Short text fragments from websites
▼▼▼

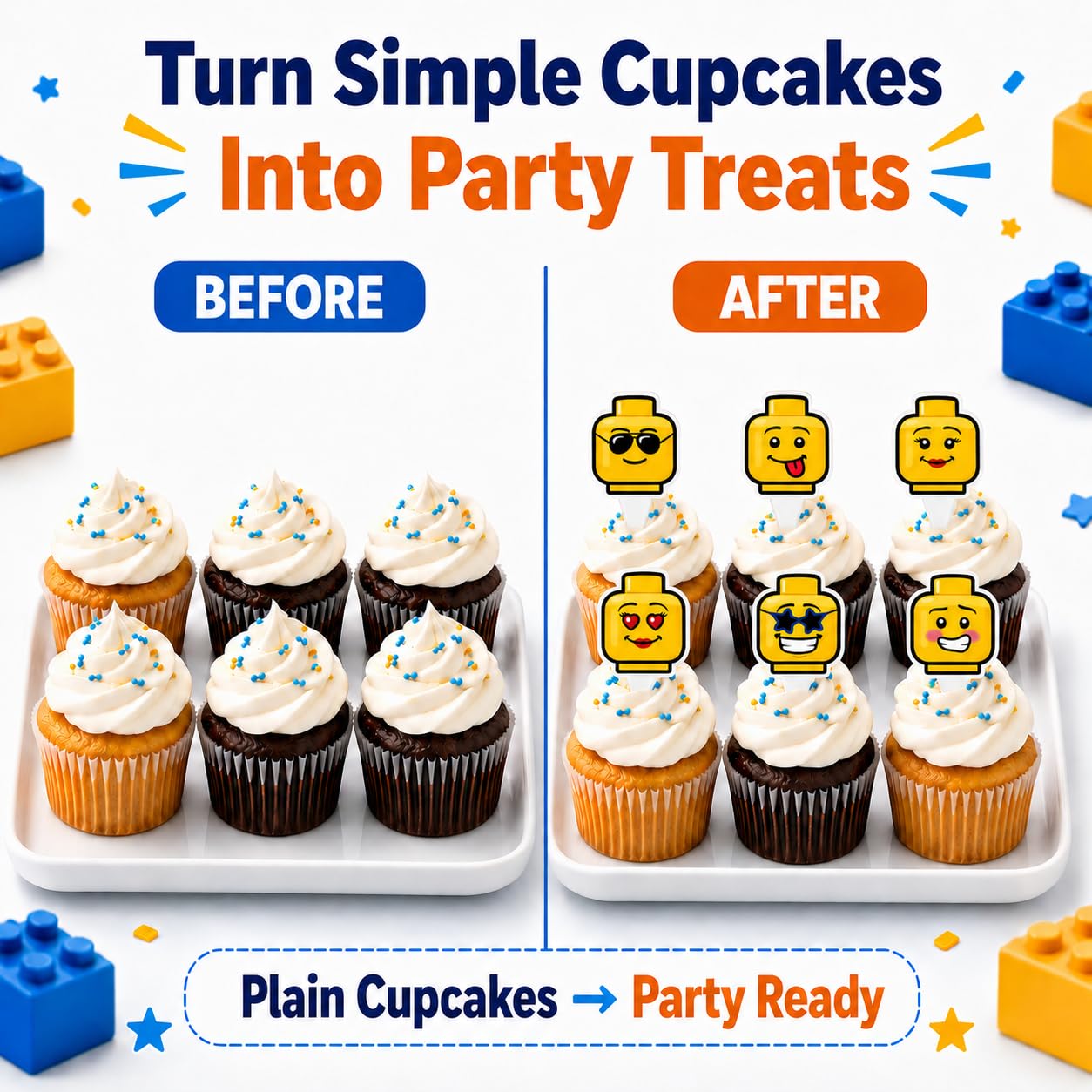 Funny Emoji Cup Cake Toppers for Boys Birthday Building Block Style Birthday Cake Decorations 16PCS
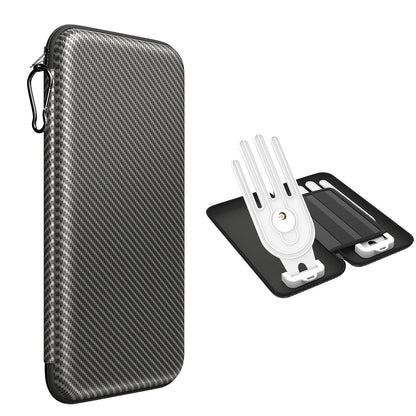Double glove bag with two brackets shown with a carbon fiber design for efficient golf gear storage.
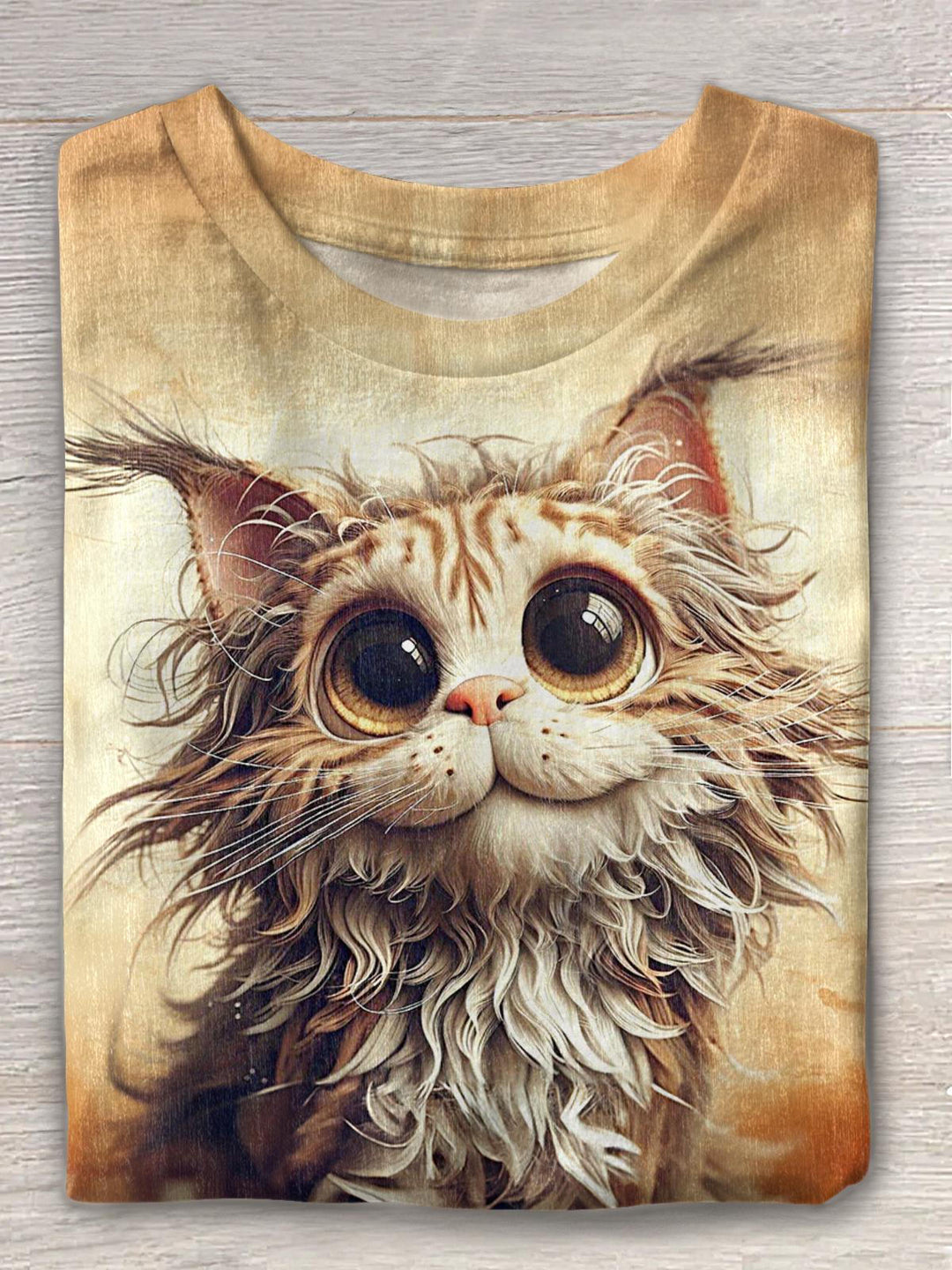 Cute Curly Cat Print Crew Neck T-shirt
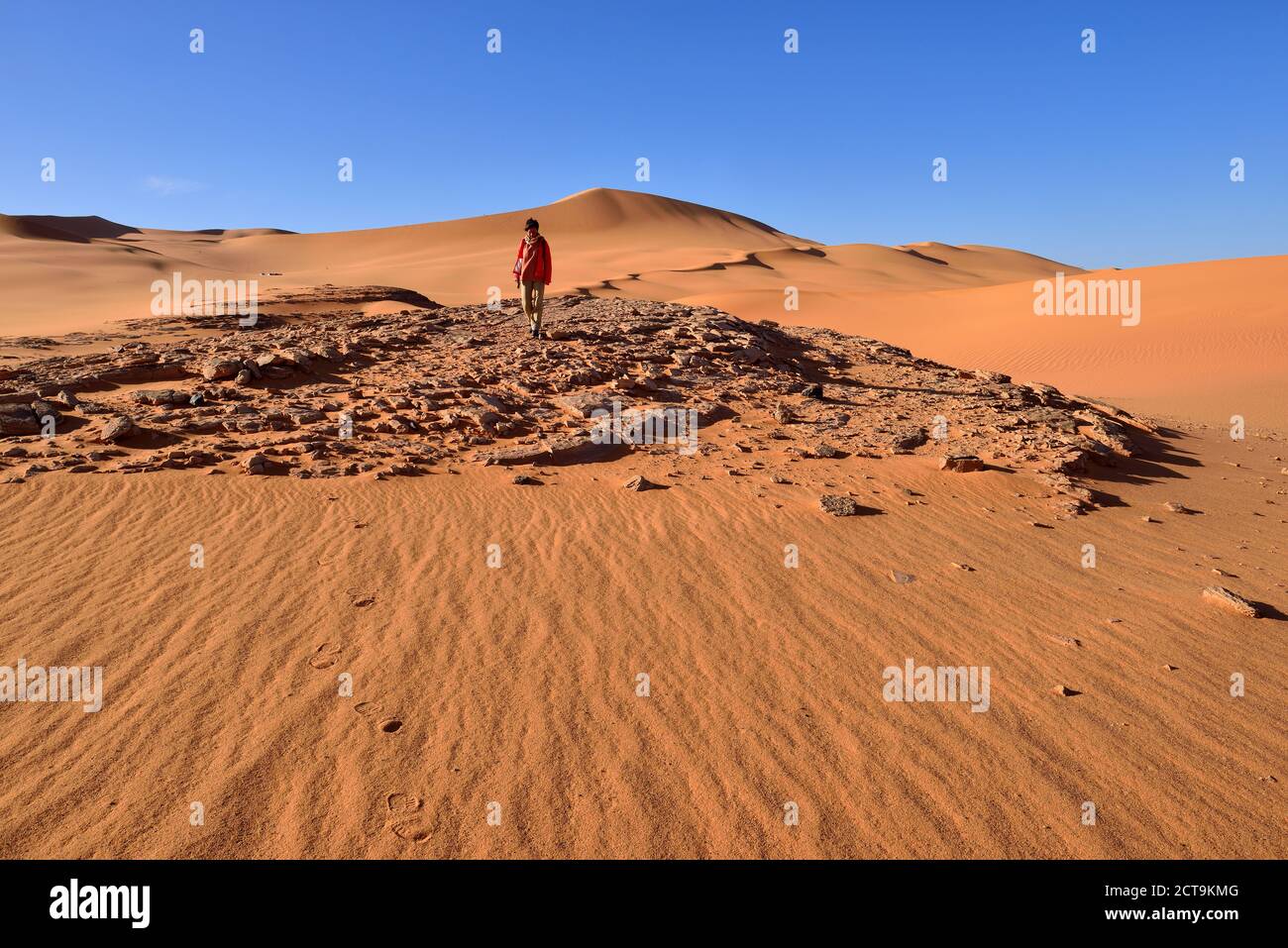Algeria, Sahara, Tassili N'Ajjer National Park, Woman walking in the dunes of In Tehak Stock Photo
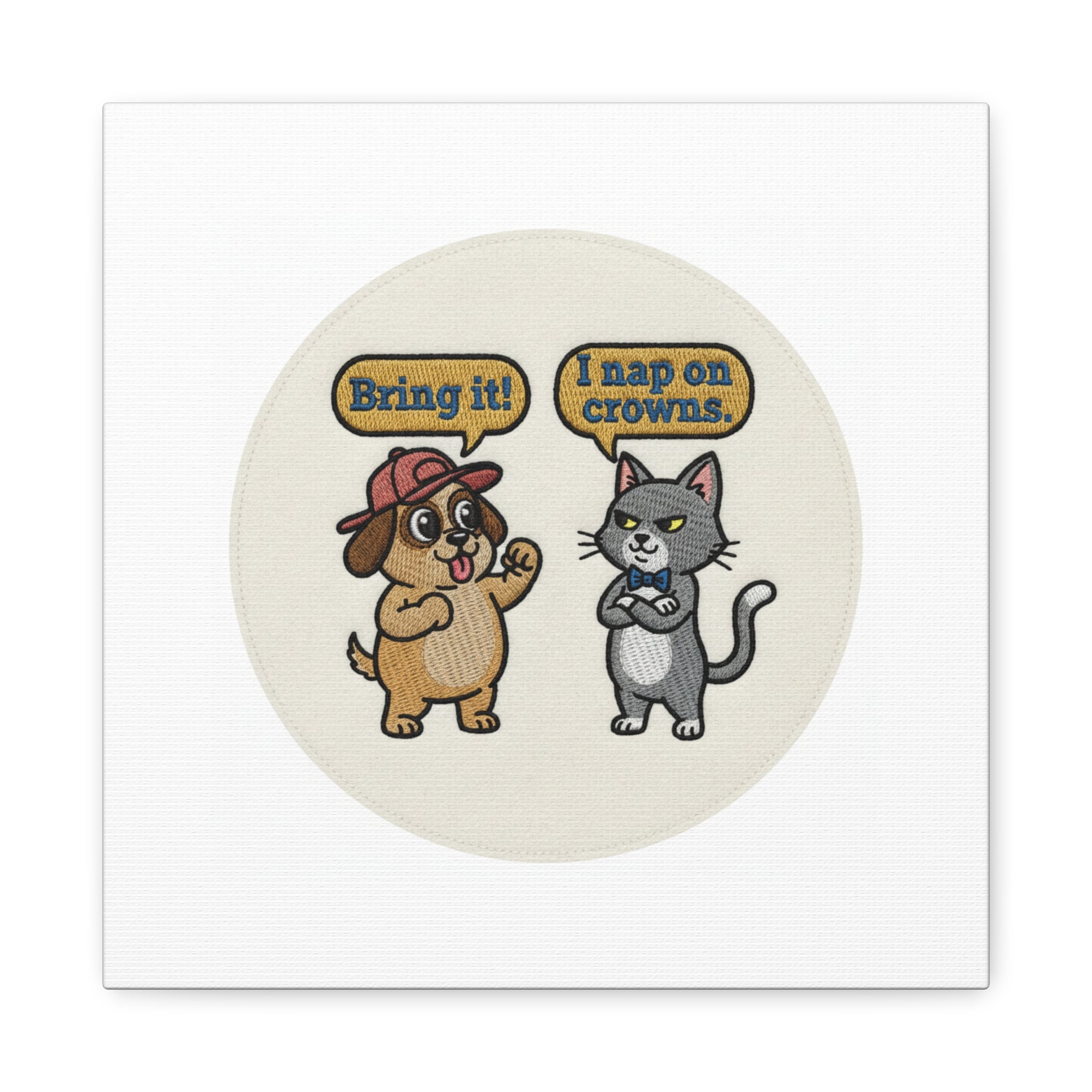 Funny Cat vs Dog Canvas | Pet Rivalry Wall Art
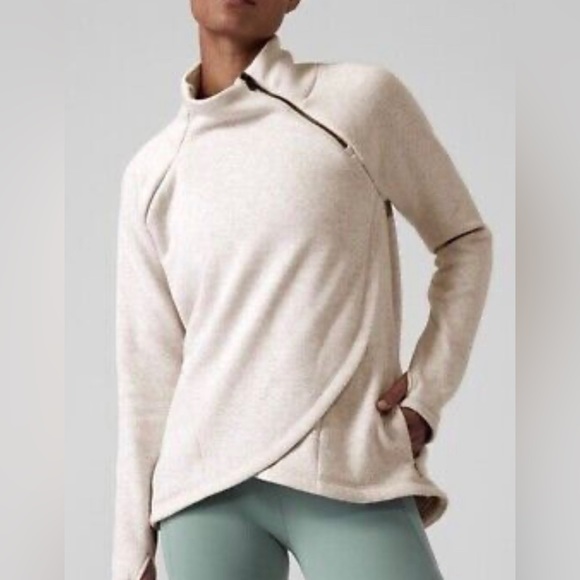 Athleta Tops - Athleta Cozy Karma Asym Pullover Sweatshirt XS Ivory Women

▲▲▲

When you reach the line with "Cute Curly Cat Print Crew Neck T-shirt" in the entries above, start copying, and go on word for word to the last line; skip any picture.

ANSWER FOR THIS EXERCISE
 Cute Curly Cat Print Crew Neck T-shirt
Algeria, Sahara, Tassili N'Ajjer National Park, Woman walking in the dunes of In Tehak Stock Photo
 Funny Cat vs Dog Canvas | Pet Rivalry Wall Art
 Athleta Tops - Athleta Cozy Karma Asym Pullover Sweatshirt XS Ivory Women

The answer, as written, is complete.